Aim of the task.
In full and without alteration, reproduce every record.

Top of Records provided

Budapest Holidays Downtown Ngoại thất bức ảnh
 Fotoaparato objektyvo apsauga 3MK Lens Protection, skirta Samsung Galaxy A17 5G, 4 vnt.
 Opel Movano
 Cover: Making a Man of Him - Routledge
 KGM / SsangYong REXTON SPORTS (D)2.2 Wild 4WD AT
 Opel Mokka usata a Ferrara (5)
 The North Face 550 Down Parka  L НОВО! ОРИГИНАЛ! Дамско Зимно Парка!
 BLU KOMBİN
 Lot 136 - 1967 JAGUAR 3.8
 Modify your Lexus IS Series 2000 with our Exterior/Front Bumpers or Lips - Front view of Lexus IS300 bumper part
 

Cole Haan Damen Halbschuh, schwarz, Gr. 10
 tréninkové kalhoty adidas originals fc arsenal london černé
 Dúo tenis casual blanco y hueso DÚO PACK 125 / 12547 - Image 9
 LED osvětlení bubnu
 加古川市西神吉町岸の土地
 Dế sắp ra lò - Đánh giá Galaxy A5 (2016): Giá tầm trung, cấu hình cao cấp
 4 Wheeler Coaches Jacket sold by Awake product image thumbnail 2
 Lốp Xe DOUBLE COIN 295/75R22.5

Bottom of Records provided

Response box.
Budapest Holidays Downtown Ngoại thất bức ảnh
 Fotoaparato objektyvo apsauga 3MK Lens Protection, skirta Samsung Galaxy A17 5G, 4 vnt.
 Opel Movano
 Cover: Making a Man of Him - Routledge
 KGM / SsangYong REXTON SPORTS (D)2.2 Wild 4WD AT
 Opel Mokka usata a Ferrara (5)
 The North Face 550 Down Parka  L НОВО! ОРИГИНАЛ! Дамско Зимно Парка!
 BLU KOMBİN
 Lot 136 - 1967 JAGUAR 3.8
 Modify your Lexus IS Series 2000 with our Exterior/Front Bumpers or Lips - Front view of Lexus IS300 bumper part
 

Cole Haan Damen Halbschuh, schwarz, Gr. 10
 tréninkové kalhoty adidas originals fc arsenal london černé
 Dúo tenis casual blanco y hueso DÚO PACK 125 / 12547 - Image 9
 LED osvětlení bubnu
 加古川市西神吉町岸の土地
 Dế sắp ra lò - Đánh giá Galaxy A5 (2016): Giá tầm trung, cấu hình cao cấp
 4 Wheeler Coaches Jacket sold by Awake product image thumbnail 2
 Lốp Xe DOUBLE COIN 295/75R22.5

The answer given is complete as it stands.